Neither Wheeler nor Lugo have had terrific springs as each carries a 5.11 and 5.56 Grapefruit League ERA, respectively. However, Carig notes that Wheeler has impressed simply by appearing healthy and brandishing a fastball that once again sits in the mid- to high-90’s. Lugo, meanwhile, proved crucial to the Mets last year, posting a 2.67 ERA across eight starts and nine relief appearances.
Nick Groke of the Denver Post reports that the Rockies agreed to a $200 million, 30-year lease with the Metropolitan Baseball Stadium District, which is the state division that owns Coors Field. As part of the deal, the Rockies will lease and develop a plot of land south of the stadium, which will cost the team $125 million for 99 years.
As Groke points out, had the Rockies not reached a deal by Thursday, March 30, the lease would have rolled over for five more years.

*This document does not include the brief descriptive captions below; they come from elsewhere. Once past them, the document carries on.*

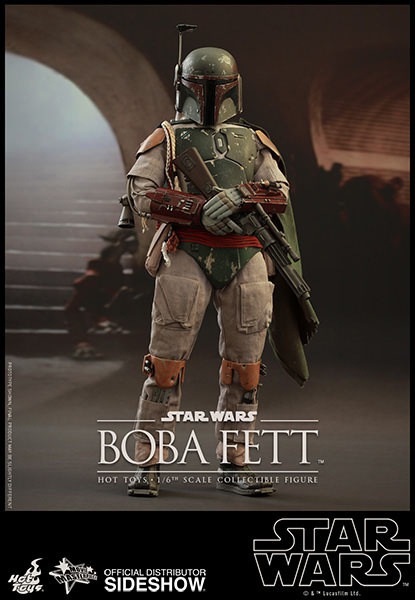 Boba Fett Hot Toys MMS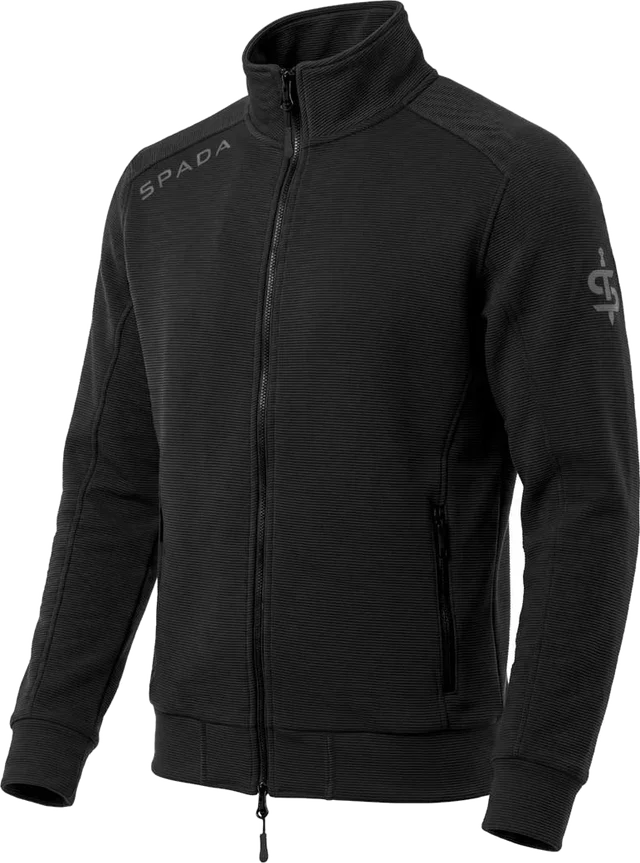 Spada Blade CE Motorcycle Track Top Stealth Black
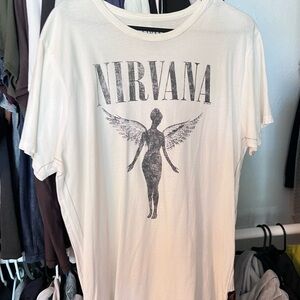 Free people Nirvana tee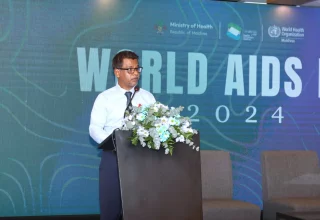ހެލްތު މިނިސްޓަރު އަބްދުﷲ ނާޒިމް/ ފޮޓޯ: ހެލްތް މިނިސްޓްރީ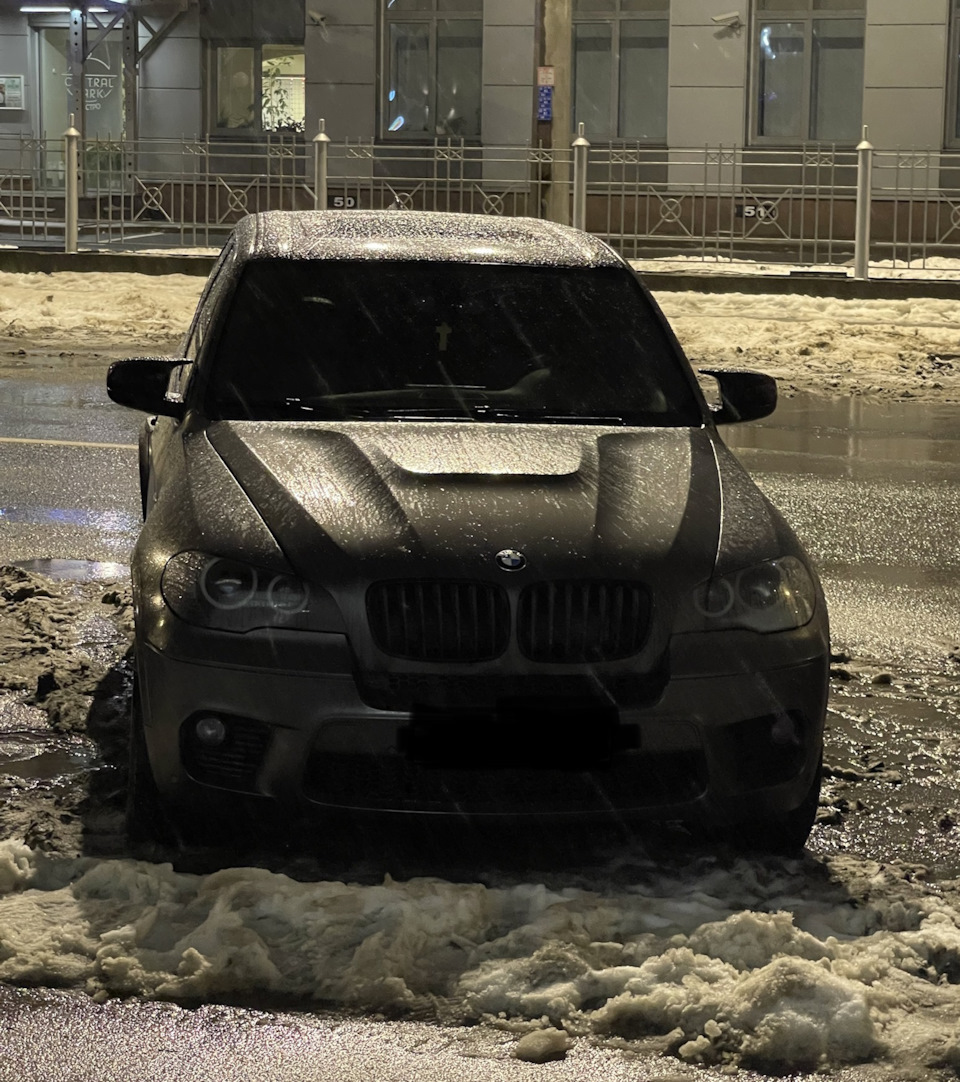 Поездка в СПБ. Танки грязи не бояться — BMW X5 (E70), 4,8 л, 2008 года |  покатушки | DRIVE2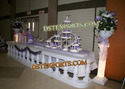 WEDDING CAKE  TABLE  DECORATION SET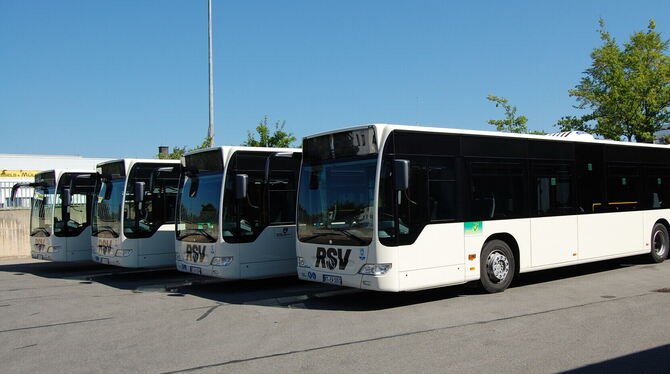 Die RSV-Busflotte bekommt Zuwachs: Das Bundesumweltministerium fördert die Anschaffung von Elektrobussen. FOTO: PR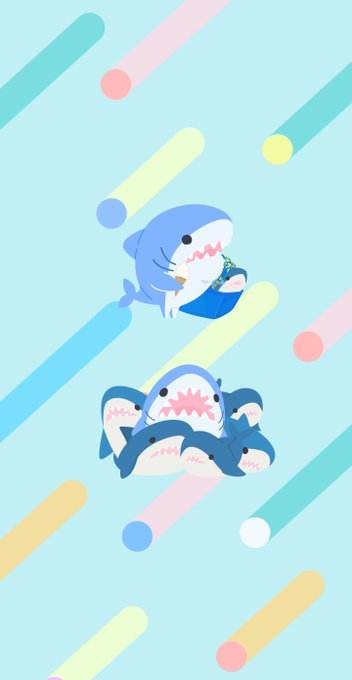 「shark girl」 illustration images(Latest)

Rockies owner Dick Monfort issued a statement, saying, “We are proud that Coors Field will continue to be a vital part of a vibrant city, drawing fans from near and far and making our Colorado residents proud.”
The Rockies moved into Coors Field in 1995. It is the National League’s third oldest stadium. In that span of time, the Rockies have made the playoffs three times, the last coming in 2009 when they lost in the NLDS to the Phillies. The Rockies were swept in the 2007 World Series by the Red Sox.